Provided data:
#####

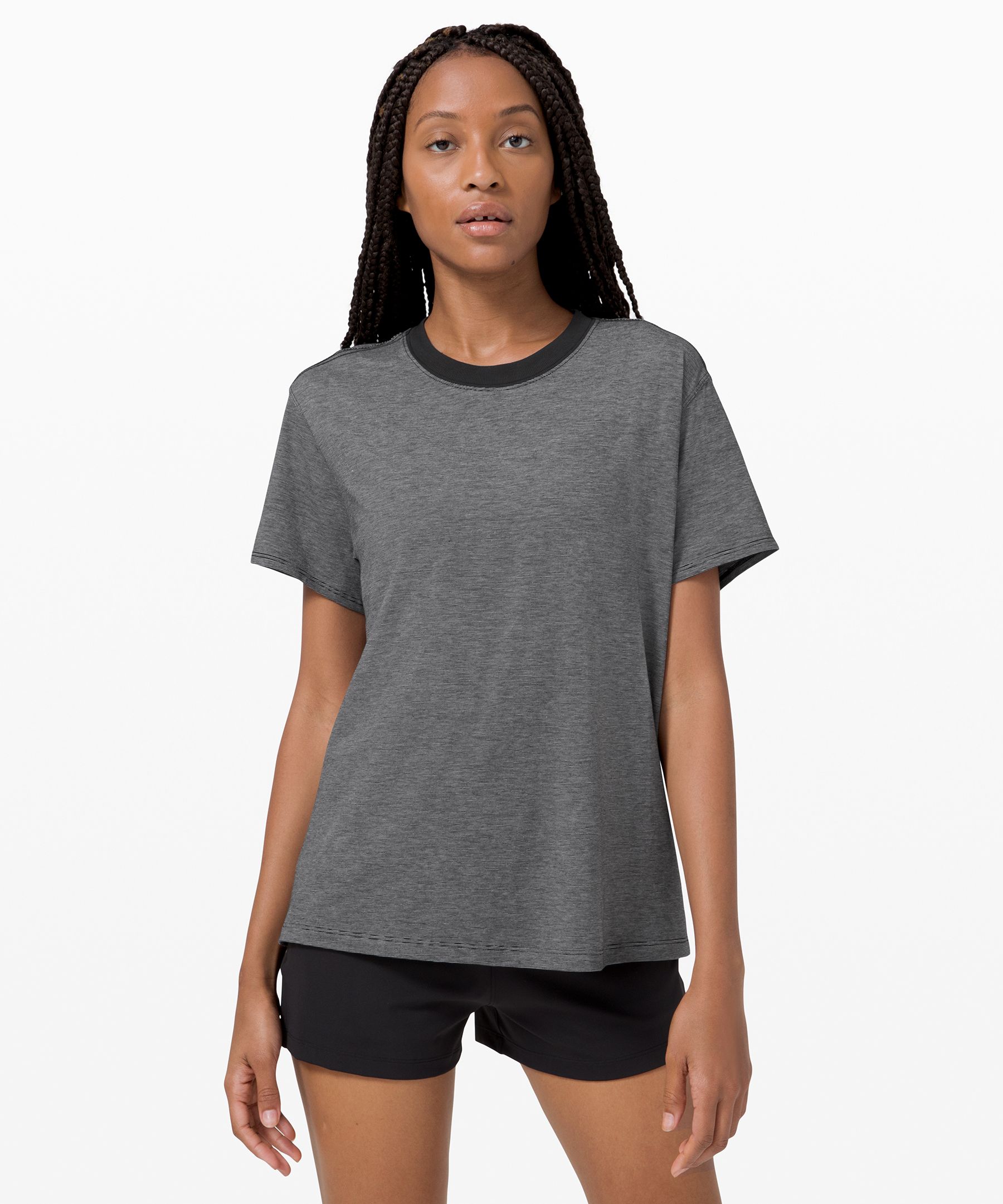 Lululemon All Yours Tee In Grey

#####

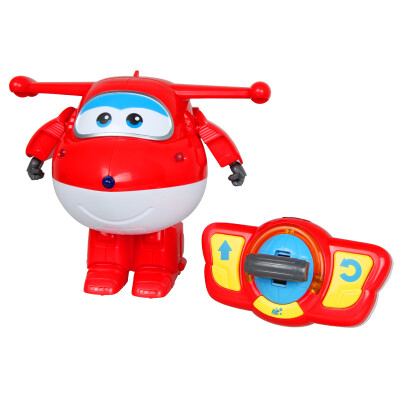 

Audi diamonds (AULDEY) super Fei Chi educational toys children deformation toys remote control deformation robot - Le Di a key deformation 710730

#####

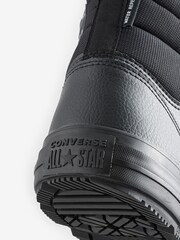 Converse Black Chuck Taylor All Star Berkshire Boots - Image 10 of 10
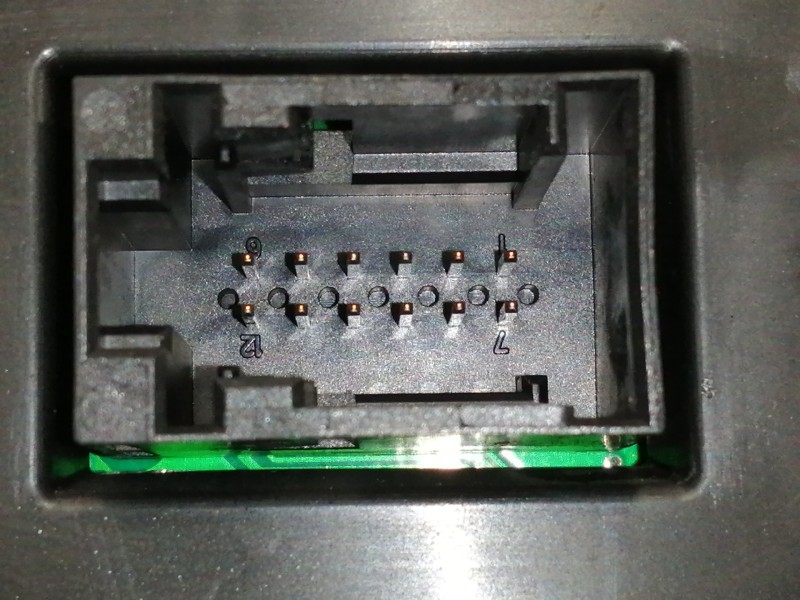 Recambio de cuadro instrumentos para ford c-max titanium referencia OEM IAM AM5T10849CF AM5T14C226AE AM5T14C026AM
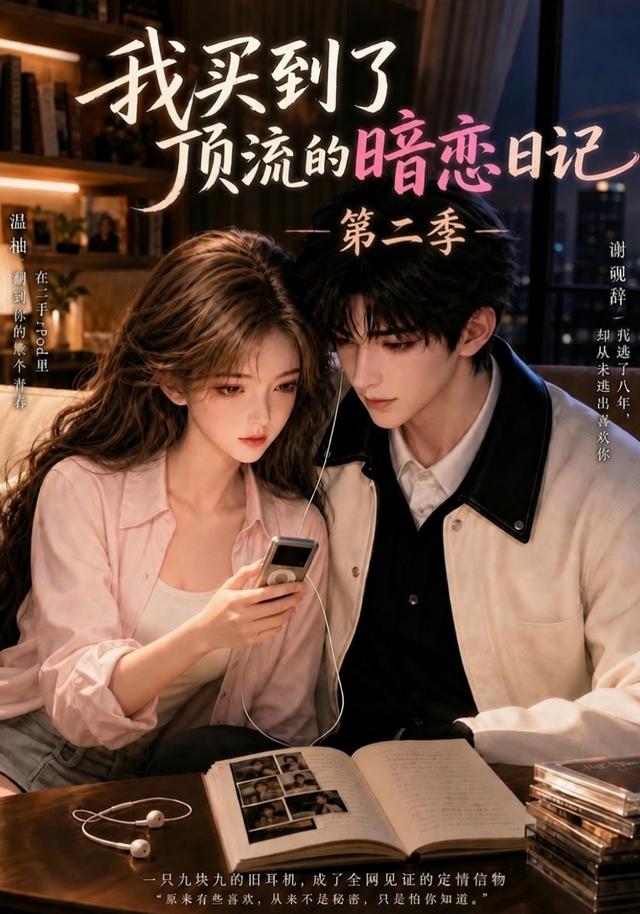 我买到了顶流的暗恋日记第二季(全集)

#####

What the task requires: Nothing but the lines above from the line with "Converse Black Chuck" up to and including the line with "我买到了顶流的暗恋日记第二季(全集)" should be returned, exactly as written and without pictures.

Completed task:
 Converse Black Chuck Taylor All Star Berkshire Boots - Image 10 of 10
 Recambio de cuadro instrumentos para ford c-max titanium referencia OEM IAM AM5T10849CF AM5T14C226AE AM5T14C026AM
 我买到了顶流的暗恋日记第二季(全集)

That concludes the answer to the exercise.